WORK TASK | All of the records are to be copied out exactly, with nothing left out.
-- SUPPLIED MATERIAL follows --
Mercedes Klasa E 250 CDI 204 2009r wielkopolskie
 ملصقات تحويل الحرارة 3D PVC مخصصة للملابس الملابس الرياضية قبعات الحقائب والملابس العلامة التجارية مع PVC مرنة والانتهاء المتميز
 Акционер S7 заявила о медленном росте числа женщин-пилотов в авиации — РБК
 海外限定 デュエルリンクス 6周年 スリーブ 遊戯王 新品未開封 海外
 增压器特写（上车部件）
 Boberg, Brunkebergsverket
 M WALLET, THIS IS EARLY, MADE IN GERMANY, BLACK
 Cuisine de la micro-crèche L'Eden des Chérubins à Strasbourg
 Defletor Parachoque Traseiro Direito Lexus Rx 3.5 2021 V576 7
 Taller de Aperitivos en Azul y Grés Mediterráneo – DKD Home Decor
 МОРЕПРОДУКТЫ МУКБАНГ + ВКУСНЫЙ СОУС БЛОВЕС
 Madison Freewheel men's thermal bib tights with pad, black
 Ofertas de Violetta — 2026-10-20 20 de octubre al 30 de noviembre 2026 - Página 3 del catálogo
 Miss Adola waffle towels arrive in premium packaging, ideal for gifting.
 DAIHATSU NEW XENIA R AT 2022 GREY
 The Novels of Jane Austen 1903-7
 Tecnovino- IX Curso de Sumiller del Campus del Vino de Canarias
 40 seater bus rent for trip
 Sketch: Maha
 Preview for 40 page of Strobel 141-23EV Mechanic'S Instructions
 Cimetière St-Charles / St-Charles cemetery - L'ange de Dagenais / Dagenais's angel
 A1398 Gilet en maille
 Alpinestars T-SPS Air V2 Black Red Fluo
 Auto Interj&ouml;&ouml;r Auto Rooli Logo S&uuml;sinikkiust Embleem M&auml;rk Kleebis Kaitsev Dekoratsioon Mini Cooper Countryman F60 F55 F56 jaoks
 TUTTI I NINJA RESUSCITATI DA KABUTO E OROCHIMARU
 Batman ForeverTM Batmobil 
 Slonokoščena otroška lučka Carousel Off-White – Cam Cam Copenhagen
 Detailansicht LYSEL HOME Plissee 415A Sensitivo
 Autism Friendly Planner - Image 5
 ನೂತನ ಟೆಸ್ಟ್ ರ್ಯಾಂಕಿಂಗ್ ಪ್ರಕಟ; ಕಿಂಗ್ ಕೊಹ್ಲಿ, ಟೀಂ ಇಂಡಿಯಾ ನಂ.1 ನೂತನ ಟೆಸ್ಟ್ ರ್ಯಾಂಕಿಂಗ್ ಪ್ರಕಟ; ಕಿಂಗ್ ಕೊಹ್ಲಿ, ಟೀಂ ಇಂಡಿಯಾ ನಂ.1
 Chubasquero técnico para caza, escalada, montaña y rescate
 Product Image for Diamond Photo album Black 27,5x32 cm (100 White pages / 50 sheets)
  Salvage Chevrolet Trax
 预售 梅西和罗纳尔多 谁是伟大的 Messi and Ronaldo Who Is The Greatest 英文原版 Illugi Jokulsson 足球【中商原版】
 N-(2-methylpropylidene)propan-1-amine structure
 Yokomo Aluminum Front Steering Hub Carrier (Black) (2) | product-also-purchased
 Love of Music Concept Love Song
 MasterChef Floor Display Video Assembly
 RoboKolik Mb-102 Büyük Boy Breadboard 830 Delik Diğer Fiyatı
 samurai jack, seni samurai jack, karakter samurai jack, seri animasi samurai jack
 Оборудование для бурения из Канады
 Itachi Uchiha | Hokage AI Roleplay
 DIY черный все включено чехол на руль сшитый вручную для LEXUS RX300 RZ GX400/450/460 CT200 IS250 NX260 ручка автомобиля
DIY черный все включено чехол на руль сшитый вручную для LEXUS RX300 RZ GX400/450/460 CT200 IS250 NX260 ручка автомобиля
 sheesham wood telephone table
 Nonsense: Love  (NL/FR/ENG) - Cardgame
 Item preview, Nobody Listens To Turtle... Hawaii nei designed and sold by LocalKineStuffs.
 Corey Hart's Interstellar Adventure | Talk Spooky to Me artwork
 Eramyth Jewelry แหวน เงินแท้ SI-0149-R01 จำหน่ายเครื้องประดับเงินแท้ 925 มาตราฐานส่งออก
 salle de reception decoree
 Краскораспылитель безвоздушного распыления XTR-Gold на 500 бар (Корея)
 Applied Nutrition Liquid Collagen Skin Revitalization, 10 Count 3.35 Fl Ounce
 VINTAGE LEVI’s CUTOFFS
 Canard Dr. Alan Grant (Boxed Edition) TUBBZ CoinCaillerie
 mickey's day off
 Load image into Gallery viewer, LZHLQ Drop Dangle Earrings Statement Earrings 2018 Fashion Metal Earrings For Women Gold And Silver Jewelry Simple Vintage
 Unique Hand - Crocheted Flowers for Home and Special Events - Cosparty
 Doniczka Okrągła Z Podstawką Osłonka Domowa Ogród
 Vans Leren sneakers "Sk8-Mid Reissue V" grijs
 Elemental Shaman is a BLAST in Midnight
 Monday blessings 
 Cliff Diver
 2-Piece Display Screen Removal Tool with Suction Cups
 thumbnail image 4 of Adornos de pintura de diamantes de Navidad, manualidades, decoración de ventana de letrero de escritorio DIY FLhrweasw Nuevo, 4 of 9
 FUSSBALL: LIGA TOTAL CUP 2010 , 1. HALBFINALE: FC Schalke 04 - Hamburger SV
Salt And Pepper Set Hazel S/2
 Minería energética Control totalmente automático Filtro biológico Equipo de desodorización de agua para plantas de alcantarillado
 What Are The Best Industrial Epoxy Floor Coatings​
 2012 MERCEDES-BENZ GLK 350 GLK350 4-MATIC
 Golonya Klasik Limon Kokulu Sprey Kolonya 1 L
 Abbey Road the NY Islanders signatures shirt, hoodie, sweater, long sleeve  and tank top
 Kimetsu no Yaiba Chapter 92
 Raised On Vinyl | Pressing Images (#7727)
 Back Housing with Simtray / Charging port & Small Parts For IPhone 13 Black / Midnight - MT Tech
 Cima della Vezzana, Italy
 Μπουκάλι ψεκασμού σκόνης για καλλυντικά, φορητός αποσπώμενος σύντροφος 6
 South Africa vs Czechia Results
-- SUPPLIED MATERIAL concluded --
PROBLEM SOLUTION |
Mercedes Klasa E 250 CDI 204 2009r wielkopolskie
 ملصقات تحويل الحرارة 3D PVC مخصصة للملابس الملابس الرياضية قبعات الحقائب والملابس العلامة التجارية مع PVC مرنة والانتهاء المتميز
 Акционер S7 заявила о медленном росте числа женщин-пилотов в авиации — РБК
 海外限定 デュエルリンクス 6周年 スリーブ 遊戯王 新品未開封 海外
 增压器特写（上车部件）
 Boberg, Brunkebergsverket
 M WALLET, THIS IS EARLY, MADE IN GERMANY, BLACK
 Cuisine de la micro-crèche L'Eden des Chérubins à Strasbourg
 Defletor Parachoque Traseiro Direito Lexus Rx 3.5 2021 V576 7
 Taller de Aperitivos en Azul y Grés Mediterráneo – DKD Home Decor
 МОРЕПРОДУКТЫ МУКБАНГ + ВКУСНЫЙ СОУС БЛОВЕС
 Madison Freewheel men's thermal bib tights with pad, black
 Ofertas de Violetta — 2026-10-20 20 de octubre al 30 de noviembre 2026 - Página 3 del catálogo
 Miss Adola waffle towels arrive in premium packaging, ideal for gifting.
 DAIHATSU NEW XENIA R AT 2022 GREY
 The Novels of Jane Austen 1903-7
 Tecnovino- IX Curso de Sumiller del Campus del Vino de Canarias
 40 seater bus rent for trip
 Sketch: Maha
 Preview for 40 page of Strobel 141-23EV Mechanic'S Instructions
 Cimetière St-Charles / St-Charles cemetery - L'ange de Dagenais / Dagenais's angel
 A1398 Gilet en maille
 Alpinestars T-SPS Air V2 Black Red Fluo
 Auto Interj&ouml;&ouml;r Auto Rooli Logo S&uuml;sinikkiust Embleem M&auml;rk Kleebis Kaitsev Dekoratsioon Mini Cooper Countryman F60 F55 F56 jaoks
 TUTTI I NINJA RESUSCITATI DA KABUTO E OROCHIMARU
 Batman ForeverTM Batmobil 
 Slonokoščena otroška lučka Carousel Off-White – Cam Cam Copenhagen
 Detailansicht LYSEL HOME Plissee 415A Sensitivo
 Autism Friendly Planner - Image 5
 ನೂತನ ಟೆಸ್ಟ್ ರ್ಯಾಂಕಿಂಗ್ ಪ್ರಕಟ; ಕಿಂಗ್ ಕೊಹ್ಲಿ, ಟೀಂ ಇಂಡಿಯಾ ನಂ.1 ನೂತನ ಟೆಸ್ಟ್ ರ್ಯಾಂಕಿಂಗ್ ಪ್ರಕಟ; ಕಿಂಗ್ ಕೊಹ್ಲಿ, ಟೀಂ ಇಂಡಿಯಾ ನಂ.1
 Chubasquero técnico para caza, escalada, montaña y rescate
 Product Image for Diamond Photo album Black 27,5x32 cm (100 White pages / 50 sheets)
  Salvage Chevrolet Trax
 预售 梅西和罗纳尔多 谁是伟大的 Messi and Ronaldo Who Is The Greatest 英文原版 Illugi Jokulsson 足球【中商原版】
 N-(2-methylpropylidene)propan-1-amine structure
 Yokomo Aluminum Front Steering Hub Carrier (Black) (2) | product-also-purchased
 Love of Music Concept Love Song
 MasterChef Floor Display Video Assembly
 RoboKolik Mb-102 Büyük Boy Breadboard 830 Delik Diğer Fiyatı
 samurai jack, seni samurai jack, karakter samurai jack, seri animasi samurai jack
 Оборудование для бурения из Канады
 Itachi Uchiha | Hokage AI Roleplay
 DIY черный все включено чехол на руль сшитый вручную для LEXUS RX300 RZ GX400/450/460 CT200 IS250 NX260 ручка автомобиля
DIY черный все включено чехол на руль сшитый вручную для LEXUS RX300 RZ GX400/450/460 CT200 IS250 NX260 ручка автомобиля
 sheesham wood telephone table
 Nonsense: Love  (NL/FR/ENG) - Cardgame
 Item preview, Nobody Listens To Turtle... Hawaii nei designed and sold by LocalKineStuffs.
 Corey Hart's Interstellar Adventure | Talk Spooky to Me artwork
 Eramyth Jewelry แหวน เงินแท้ SI-0149-R01 จำหน่ายเครื้องประดับเงินแท้ 925 มาตราฐานส่งออก
 salle de reception decoree
 Краскораспылитель безвоздушного распыления XTR-Gold на 500 бар (Корея)
 Applied Nutrition Liquid Collagen Skin Revitalization, 10 Count 3.35 Fl Ounce
 VINTAGE LEVI’s CUTOFFS
 Canard Dr. Alan Grant (Boxed Edition) TUBBZ CoinCaillerie
 mickey's day off
 Load image into Gallery viewer, LZHLQ Drop Dangle Earrings Statement Earrings 2018 Fashion Metal Earrings For Women Gold And Silver Jewelry Simple Vintage
 Unique Hand - Crocheted Flowers for Home and Special Events - Cosparty
 Doniczka Okrągła Z Podstawką Osłonka Domowa Ogród
 Vans Leren sneakers "Sk8-Mid Reissue V" grijs
 Elemental Shaman is a BLAST in Midnight
 Monday blessings 
 Cliff Diver
 2-Piece Display Screen Removal Tool with Suction Cups
 thumbnail image 4 of Adornos de pintura de diamantes de Navidad, manualidades, decoración de ventana de letrero de escritorio DIY FLhrweasw Nuevo, 4 of 9
 FUSSBALL: LIGA TOTAL CUP 2010 , 1. HALBFINALE: FC Schalke 04 - Hamburger SV
Salt And Pepper Set Hazel S/2
 Minería energética Control totalmente automático Filtro biológico Equipo de desodorización de agua para plantas de alcantarillado
 What Are The Best Industrial Epoxy Floor Coatings​
 2012 MERCEDES-BENZ GLK 350 GLK350 4-MATIC
 Golonya Klasik Limon Kokulu Sprey Kolonya 1 L
 Abbey Road the NY Islanders signatures shirt, hoodie, sweater, long sleeve  and tank top
 Kimetsu no Yaiba Chapter 92
 Raised On Vinyl | Pressing Images (#7727)
 Back Housing with Simtray / Charging port & Small Parts For IPhone 13 Black / Midnight - MT Tech
 Cima della Vezzana, Italy
 Μπουκάλι ψεκασμού σκόνης για καλλυντικά, φορητός αποσπώμενος σύντροφος 6
 South Africa vs Czechia Results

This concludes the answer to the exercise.